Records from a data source
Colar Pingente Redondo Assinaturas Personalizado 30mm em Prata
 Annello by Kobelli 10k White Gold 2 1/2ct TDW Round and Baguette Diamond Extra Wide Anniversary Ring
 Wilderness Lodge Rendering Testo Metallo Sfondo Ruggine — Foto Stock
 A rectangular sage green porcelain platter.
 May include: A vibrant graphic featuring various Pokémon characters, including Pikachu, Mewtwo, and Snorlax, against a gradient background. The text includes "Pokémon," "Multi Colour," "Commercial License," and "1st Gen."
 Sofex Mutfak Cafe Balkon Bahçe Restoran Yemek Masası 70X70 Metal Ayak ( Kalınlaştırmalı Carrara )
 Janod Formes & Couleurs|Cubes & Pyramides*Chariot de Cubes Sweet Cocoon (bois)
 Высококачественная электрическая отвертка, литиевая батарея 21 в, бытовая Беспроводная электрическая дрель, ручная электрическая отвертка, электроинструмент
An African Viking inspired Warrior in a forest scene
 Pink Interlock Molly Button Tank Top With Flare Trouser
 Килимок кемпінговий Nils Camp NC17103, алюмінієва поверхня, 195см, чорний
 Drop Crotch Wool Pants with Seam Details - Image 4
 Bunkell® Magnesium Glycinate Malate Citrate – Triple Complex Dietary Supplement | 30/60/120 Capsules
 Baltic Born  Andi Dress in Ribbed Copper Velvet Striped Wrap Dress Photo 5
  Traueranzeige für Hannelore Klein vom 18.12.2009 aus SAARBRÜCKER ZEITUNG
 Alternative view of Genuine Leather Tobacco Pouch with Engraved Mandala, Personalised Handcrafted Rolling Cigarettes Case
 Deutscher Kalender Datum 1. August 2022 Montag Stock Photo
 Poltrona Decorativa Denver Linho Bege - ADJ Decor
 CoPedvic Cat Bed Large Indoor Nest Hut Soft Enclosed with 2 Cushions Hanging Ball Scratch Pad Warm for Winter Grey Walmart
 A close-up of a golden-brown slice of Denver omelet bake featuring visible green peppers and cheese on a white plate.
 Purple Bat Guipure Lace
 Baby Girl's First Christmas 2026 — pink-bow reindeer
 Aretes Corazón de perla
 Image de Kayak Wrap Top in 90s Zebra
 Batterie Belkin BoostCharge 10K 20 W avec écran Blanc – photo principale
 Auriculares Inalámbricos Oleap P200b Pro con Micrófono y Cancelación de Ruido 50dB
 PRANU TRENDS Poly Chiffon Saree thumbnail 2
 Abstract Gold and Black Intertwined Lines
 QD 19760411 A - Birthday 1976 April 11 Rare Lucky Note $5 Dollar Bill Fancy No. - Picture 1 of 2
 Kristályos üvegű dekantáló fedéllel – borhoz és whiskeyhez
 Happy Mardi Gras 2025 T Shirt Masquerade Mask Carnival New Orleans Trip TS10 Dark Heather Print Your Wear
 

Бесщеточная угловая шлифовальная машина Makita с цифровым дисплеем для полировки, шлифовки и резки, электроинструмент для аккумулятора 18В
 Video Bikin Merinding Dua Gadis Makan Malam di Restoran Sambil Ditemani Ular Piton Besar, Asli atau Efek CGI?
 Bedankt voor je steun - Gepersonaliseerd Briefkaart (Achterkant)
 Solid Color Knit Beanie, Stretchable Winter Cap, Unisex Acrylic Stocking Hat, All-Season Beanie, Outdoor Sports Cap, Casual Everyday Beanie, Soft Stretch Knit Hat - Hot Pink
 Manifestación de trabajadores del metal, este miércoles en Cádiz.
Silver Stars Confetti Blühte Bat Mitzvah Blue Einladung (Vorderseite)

Problem to work on: Only the lines above that hold "Denver" are wanted. Show every one of them.

Completed task:
 Poltrona Decorativa Denver Linho Bege - ADJ Decor
 A close-up of a golden-brown slice of Denver omelet bake featuring visible green peppers and cheese on a white plate.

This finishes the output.